• _What is needed_
Among the entries, find the lines with the string "sale" and report them.

• _Excerpted records_
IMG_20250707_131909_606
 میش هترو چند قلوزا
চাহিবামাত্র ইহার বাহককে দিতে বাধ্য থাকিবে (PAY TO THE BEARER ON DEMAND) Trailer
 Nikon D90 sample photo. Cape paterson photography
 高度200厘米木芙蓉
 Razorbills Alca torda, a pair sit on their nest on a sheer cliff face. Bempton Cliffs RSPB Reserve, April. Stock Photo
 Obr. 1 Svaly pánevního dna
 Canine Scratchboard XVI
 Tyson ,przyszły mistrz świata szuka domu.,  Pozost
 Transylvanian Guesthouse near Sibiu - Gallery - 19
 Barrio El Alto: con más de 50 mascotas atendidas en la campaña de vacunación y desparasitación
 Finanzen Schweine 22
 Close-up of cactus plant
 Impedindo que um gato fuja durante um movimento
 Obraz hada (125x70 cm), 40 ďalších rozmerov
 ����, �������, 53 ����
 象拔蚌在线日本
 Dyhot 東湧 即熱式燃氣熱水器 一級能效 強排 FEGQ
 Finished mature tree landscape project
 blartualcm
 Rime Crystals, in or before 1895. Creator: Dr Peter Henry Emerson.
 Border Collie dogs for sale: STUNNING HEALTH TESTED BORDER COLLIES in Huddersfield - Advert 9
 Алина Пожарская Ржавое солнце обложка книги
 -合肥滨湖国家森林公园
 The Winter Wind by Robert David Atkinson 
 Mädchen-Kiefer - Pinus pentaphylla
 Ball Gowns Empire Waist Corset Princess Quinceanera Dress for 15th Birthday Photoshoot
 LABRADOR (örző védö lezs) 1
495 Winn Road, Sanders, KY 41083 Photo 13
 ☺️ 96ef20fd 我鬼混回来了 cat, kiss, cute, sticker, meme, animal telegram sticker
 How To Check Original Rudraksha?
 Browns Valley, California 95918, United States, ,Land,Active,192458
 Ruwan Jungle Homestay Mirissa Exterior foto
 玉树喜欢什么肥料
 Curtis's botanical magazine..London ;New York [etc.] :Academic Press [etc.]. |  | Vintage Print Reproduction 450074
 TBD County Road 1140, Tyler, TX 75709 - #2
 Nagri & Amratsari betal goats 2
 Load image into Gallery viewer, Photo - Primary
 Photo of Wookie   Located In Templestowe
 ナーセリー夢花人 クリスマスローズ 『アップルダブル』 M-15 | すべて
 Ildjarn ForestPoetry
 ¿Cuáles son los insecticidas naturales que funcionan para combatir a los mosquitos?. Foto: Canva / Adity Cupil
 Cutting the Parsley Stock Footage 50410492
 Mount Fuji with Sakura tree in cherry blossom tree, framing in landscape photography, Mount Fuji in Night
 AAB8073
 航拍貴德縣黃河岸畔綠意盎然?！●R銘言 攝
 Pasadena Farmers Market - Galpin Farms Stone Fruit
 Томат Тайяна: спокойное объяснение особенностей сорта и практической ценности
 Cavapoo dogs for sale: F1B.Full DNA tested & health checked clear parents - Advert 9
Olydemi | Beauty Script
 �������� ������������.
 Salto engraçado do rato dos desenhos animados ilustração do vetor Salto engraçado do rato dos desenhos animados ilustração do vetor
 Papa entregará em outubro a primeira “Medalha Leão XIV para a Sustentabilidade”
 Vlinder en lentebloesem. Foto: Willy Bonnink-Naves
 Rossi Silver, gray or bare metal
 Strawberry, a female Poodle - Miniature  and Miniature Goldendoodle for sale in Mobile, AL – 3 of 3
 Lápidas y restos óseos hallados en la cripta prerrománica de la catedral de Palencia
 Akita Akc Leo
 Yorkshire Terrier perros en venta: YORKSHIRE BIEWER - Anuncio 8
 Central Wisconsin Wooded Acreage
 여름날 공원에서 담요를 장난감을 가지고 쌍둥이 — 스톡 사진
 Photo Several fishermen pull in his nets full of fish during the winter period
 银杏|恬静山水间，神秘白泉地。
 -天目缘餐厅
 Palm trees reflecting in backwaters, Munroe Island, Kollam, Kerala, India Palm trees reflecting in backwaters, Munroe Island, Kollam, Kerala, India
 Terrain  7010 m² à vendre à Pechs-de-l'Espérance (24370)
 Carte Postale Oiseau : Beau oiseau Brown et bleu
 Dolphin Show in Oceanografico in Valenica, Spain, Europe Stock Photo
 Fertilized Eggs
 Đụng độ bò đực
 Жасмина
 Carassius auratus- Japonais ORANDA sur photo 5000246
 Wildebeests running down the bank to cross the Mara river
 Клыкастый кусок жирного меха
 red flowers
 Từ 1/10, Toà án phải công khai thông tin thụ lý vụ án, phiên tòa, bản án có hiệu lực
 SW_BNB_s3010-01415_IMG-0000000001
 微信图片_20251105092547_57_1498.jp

• _Answer to this problem_
 Border Collie dogs for sale: STUNNING HEALTH TESTED BORDER COLLIES in Huddersfield - Advert 9
 Cavapoo dogs for sale: F1B.Full DNA tested & health checked clear parents - Advert 9
 Strawberry, a female Poodle - Miniature  and Miniature Goldendoodle for sale in Mobile, AL – 3 of 3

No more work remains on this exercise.